▸ **Instructions to follow**
Give back exactly the lines starting at the one with "Biodiversity Protection" and ending at the last line of the data below. Pictures are not part of the copy.

▸ **The data**
┌──

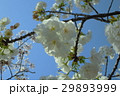 さくら 29893999
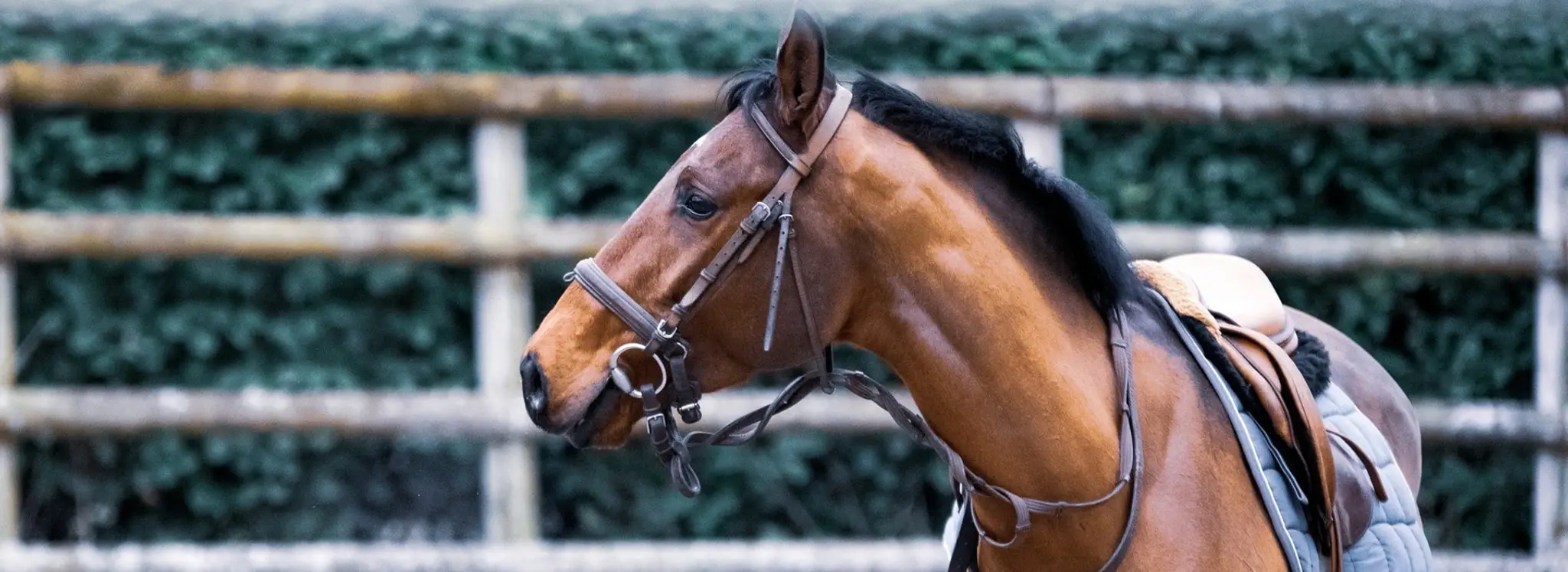 Barnfields Riding Stables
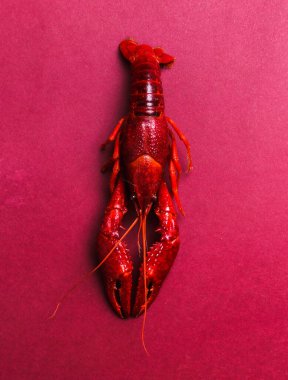 Yiyecekler. Menekşe arkaplanda lezzetli kerevit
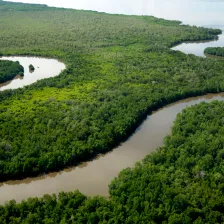 Biodiversity Protection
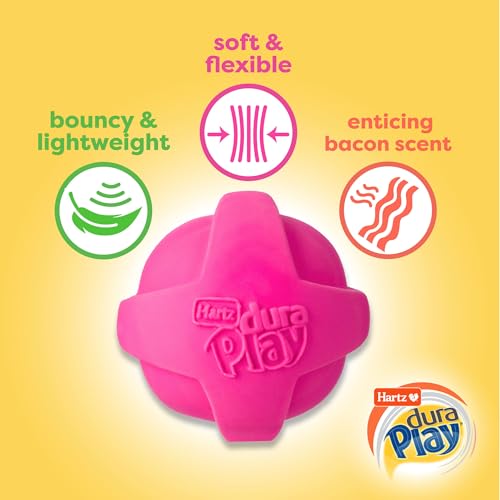 Hartz DuraPlay Ball Squeaky Latex Dog Toy, Neon Green, Neon Pink & Neon Orange, Large 3 Count Pack - size: 3 Count, style: Large Ball
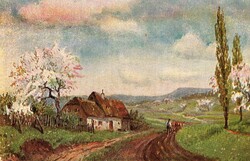 Képeslap: Férfi, szántó.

└──

▸ **Result of the task**
 Biodiversity Protection
 Hartz DuraPlay Ball Squeaky Latex Dog Toy, Neon Green, Neon Pink & Neon Orange, Large 3 Count Pack - size: 3 Count, style: Large Ball
 Képeslap: Férfi, szántó.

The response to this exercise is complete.